This emphasis on the larger drama does not in any way diminish the depth and subtlety of the characterizations, both male and female, but particularly the latter. One sees Morgaine, for example, as a beloved child on her mother’s lap and later as the maiden who loses her virginity to her half brother in the Beltane ritual; one follows her in her later roles as lover, priestess, and queen. At each stage of Morgaine’s life, Bradley paints a complex portrait of a vital but troubled woman who might have been a goddess but becomes instead a queen. Bradley also creates new dimensions and probing portraits of other familiar figures from the legend—Viviane, Gwenhwyfar, Morgause, and Igraine. The main character, however, is always Morgaine, not the other women, not even Arthur, and the story essentially belongs to her.

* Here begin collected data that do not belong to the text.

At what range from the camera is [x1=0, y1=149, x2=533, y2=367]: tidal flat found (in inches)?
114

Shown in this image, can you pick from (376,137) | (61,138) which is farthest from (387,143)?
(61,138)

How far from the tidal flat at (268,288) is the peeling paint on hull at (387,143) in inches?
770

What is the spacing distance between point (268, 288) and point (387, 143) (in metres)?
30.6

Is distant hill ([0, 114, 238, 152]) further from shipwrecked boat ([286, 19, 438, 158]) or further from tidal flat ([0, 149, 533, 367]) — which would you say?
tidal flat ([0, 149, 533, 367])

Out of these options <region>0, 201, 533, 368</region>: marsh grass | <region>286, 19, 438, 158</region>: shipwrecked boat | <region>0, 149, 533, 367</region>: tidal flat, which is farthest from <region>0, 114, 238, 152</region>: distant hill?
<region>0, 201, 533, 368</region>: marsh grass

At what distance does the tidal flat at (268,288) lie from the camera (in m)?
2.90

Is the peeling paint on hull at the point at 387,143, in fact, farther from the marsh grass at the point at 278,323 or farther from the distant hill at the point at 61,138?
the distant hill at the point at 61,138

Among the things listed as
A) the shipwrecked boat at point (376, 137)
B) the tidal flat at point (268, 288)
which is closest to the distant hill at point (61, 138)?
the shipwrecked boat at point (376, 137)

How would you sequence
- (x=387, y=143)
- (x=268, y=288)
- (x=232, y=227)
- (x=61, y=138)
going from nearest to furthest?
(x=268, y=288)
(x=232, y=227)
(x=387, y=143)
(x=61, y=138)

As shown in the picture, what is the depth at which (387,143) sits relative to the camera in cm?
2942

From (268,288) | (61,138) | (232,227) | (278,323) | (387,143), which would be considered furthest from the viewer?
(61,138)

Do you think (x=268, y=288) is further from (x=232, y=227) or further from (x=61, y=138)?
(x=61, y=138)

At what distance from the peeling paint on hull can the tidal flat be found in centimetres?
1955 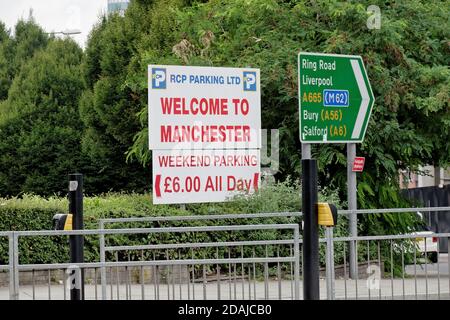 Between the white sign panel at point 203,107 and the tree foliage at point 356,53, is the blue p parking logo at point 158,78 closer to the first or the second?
the white sign panel at point 203,107

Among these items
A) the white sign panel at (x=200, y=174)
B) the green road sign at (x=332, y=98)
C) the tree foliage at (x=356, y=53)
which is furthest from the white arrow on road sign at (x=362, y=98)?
the tree foliage at (x=356, y=53)

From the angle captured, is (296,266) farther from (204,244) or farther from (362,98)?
(362,98)

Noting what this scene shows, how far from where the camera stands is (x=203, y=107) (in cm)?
1969

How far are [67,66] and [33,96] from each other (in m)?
2.25

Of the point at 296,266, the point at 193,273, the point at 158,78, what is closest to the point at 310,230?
the point at 296,266

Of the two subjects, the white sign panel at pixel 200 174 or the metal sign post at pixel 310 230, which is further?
the white sign panel at pixel 200 174

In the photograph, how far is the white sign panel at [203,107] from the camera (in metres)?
19.4

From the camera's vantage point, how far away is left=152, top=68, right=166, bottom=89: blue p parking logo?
1936 centimetres

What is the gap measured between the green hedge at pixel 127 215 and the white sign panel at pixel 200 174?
27cm

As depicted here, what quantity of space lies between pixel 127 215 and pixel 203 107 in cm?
218

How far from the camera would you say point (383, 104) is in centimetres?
2184

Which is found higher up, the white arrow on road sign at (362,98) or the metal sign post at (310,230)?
the white arrow on road sign at (362,98)

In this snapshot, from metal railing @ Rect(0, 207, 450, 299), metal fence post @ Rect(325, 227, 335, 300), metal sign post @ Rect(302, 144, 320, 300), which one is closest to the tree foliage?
metal railing @ Rect(0, 207, 450, 299)

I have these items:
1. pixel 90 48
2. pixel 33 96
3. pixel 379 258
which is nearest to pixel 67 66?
pixel 33 96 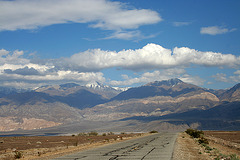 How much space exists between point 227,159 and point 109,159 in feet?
31.2

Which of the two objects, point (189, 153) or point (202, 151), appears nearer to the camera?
point (189, 153)

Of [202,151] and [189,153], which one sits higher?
[189,153]

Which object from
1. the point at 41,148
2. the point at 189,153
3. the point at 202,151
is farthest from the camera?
the point at 41,148

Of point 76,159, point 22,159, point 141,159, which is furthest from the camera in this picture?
point 22,159

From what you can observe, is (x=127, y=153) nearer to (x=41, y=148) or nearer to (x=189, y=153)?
(x=189, y=153)

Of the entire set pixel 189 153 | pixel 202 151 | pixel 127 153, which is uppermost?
pixel 127 153

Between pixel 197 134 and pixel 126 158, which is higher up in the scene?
pixel 126 158

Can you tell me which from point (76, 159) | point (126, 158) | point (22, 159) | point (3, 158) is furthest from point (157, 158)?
point (3, 158)

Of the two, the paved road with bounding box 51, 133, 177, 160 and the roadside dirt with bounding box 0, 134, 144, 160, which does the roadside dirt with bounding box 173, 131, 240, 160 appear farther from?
the roadside dirt with bounding box 0, 134, 144, 160

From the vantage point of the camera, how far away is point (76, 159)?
2194cm

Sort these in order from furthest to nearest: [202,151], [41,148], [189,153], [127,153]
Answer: [41,148], [202,151], [189,153], [127,153]

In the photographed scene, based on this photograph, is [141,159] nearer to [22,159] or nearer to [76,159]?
[76,159]

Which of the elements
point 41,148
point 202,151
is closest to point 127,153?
point 202,151

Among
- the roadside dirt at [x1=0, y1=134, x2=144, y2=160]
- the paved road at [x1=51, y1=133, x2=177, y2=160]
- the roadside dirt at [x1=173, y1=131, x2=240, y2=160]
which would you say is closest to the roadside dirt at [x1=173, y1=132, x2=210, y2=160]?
the roadside dirt at [x1=173, y1=131, x2=240, y2=160] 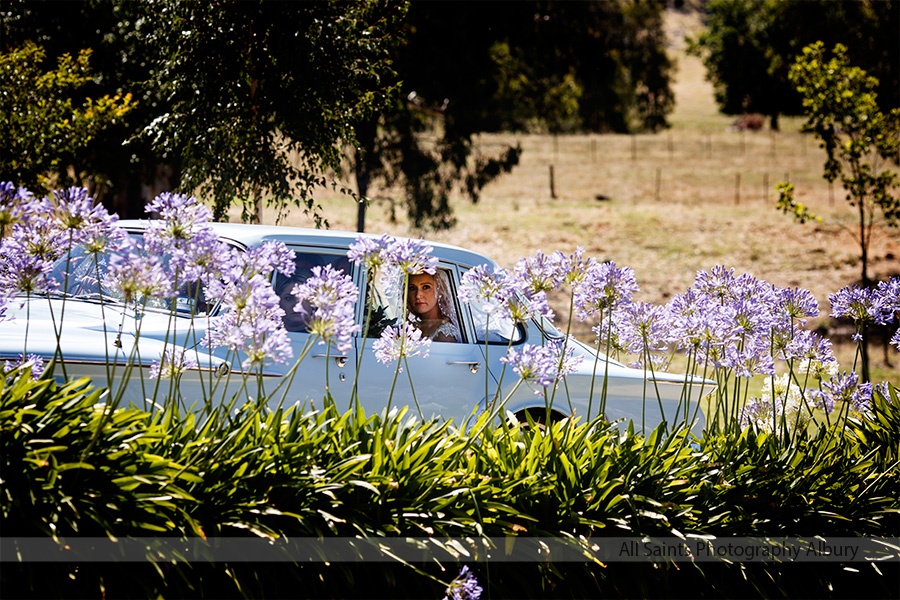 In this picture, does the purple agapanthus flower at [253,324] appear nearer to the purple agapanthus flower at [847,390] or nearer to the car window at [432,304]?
the car window at [432,304]

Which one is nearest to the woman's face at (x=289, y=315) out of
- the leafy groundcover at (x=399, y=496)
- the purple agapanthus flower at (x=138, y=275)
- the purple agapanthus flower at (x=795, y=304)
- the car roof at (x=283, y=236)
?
the car roof at (x=283, y=236)

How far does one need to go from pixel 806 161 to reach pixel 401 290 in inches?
1790

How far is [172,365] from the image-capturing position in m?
3.76

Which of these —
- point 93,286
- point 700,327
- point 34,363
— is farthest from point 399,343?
point 93,286

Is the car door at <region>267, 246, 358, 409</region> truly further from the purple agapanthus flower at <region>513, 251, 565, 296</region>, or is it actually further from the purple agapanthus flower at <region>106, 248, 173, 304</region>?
the purple agapanthus flower at <region>106, 248, 173, 304</region>

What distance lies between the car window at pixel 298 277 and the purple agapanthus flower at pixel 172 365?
1068 millimetres

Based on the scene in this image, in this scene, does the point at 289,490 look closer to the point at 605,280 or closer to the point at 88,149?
the point at 605,280

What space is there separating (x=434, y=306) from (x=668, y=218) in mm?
26798

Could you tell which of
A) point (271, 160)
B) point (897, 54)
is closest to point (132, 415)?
point (271, 160)

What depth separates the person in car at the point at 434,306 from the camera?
564cm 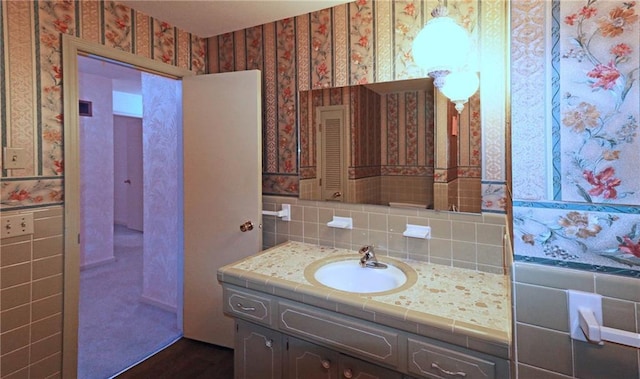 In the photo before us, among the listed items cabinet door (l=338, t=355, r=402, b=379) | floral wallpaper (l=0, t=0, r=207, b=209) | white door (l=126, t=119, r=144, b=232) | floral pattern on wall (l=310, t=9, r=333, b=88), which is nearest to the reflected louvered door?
floral pattern on wall (l=310, t=9, r=333, b=88)

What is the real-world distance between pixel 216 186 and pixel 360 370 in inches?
58.2

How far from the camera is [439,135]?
5.28 ft

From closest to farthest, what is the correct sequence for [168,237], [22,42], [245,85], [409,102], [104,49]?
[22,42]
[409,102]
[104,49]
[245,85]
[168,237]

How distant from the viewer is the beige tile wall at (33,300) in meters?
1.50

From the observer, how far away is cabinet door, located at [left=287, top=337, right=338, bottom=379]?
1276 millimetres

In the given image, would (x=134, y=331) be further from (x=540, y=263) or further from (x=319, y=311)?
(x=540, y=263)

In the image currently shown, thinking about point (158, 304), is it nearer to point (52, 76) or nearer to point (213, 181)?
point (213, 181)

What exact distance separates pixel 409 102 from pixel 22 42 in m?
1.88

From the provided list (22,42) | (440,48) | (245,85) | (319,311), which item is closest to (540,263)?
(319,311)

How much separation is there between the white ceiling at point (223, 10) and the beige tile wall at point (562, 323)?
1712 mm

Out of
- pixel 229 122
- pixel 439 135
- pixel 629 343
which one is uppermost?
pixel 229 122

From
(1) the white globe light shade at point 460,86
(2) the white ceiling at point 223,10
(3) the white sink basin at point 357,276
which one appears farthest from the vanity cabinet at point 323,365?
(2) the white ceiling at point 223,10

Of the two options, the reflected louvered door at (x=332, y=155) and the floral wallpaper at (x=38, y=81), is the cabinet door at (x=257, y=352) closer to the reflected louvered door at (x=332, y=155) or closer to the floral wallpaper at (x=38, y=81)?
the reflected louvered door at (x=332, y=155)

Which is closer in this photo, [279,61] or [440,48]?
[440,48]
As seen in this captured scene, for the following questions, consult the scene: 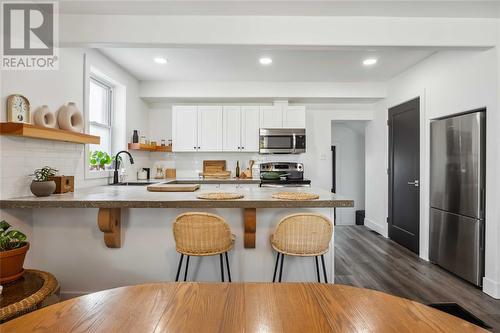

Nevertheless, even Morgaine cannot overshadow the principal theme of the novel—the power struggle between the bishops of Christ and the priestesses of Avalon, which is also a struggle between masculine and feminine values. The Christian religion is a masculine religion that, at least in the hands of the priests, emphasizes rules and rigidity. Because it focuses on a world beyond, Christianity can seem life-denying, and it is certainly a religion whose priests emphasize the supremacy of a male God while denigrating women as the source of sin. In contrast, the Druid religion of Avalon emphasizes life, the feminine, the Earth. Its chief figures are the Goddess, her priestesses, and the chief priestess, the Lady of Avalon; it is a religion of creativity and expansion, not of punishment and repression. If there is tension between the Christian and the Druid perspectives, however, there is also throughout the novel an emphasis on the necessity of resolving the tension, of the importance of a Jungian blending of the best of the masculine and feminine values. Thus, there is a thematic justification for Bradley’s emphasis on feminine psychology—a justification beyond the new perspective the feminine emphasis gives to familiar characters in a familiar tale.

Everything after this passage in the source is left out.